Is your closet crowded?

Everyone has skeletons in their closet.  Some have many hiding out, hoping to never see the light of day.  Others just have a few and those skeletons wouldn’t even cause an eyebrow to be raised.

Then there are the Delauter/Crider skeletons.  I am SO ready to “write my guts out” but I can’t.  First off, I have my daughter to take into consideration.  Second, my future ex-hubby will have a complete meltdown.  I will someday write about the past, but for now I’m sticking to the present.

The present is screwed up enough to write a blog about….my readers will just have to be patient for the book.  “I used to drive a Mercedes”

I hear something knocking on the closet door…

…..lemme out!  lemme out!

~P.

Heather, are you cozy?

Dear Heather,

How are things going honey?  I get the impression, “it’s not been all that great.”

I feel for ya.  Been there, done that.  Plus all your children, each affected by you moving in with John.  My sons eventually, were just disgusted with me for trying to get things right, but not living up to John’s standards.

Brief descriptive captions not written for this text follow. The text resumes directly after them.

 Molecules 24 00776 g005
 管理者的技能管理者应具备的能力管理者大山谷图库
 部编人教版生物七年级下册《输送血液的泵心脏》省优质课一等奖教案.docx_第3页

You feeling secure in your relationship with my husband? ‘Cause if you are, you really need to rethink that one.  Your moving into my house, with children so quickly, just shows me how little you know John.

Just what I’m thinking these days.  Words get around.

Don’t get to cozy…I know John.

Good Luck!

~P.

John’s personal property

Sunday is my birthday.  Sunday is Ying’s birthday.  Sunday will be three long years since my husband filed for divorce.  Wow…3 freaking years and I am still married and see no end in the future.  Whoever said “after 2 years you are automatically divorced” was full of shit.

With my birthday coming up, I’m reminded, I am not getting any younger.  Though, like fine wine, I am getting better.    I feel better about myself.  I think clearer.  I’ve grown smarter and wiser.  I know what I want in my life and it starts with a D.

Three years caught in the divorce process.  I’m not even talking about me, I’m talking about Tesla.  For more than half her life, her father has been putting off divorcing her mother.  Not because there’s a chance of reconciliation, but because her father hopes I fade away, leave quietly, wear down, etc.

That’s not going to happen.  Every night I say a prayer of thanks to God for granting me another day on this earth.  Life is worth living, no matter how bad things seem.

Kick me when I’m down.  Steam roll over me.  Threaten my future.  Humiliate me.  Ruin my finances.  Replace me.

Bitterman, with no hair….I never needed you, but I loved you.  I hope you can never forget that.

For my birthday, I am giving myself a gift.  A very cheap gift compared to the one’s John used to give me, but this gift makes a statement.

I had this done the night before John and I got married back in 2005.  It was supposed to be a surprise the next day.

What was I thinking?!

When I showed it to John the night before we got hitched,  because he insisted on knowing where I had been with his brother Tim…I had to show him…and he said, “Why didn’t you get a ‘John’s personal property’ tattoo?”  I knew at that moment it had been a “bad idea”.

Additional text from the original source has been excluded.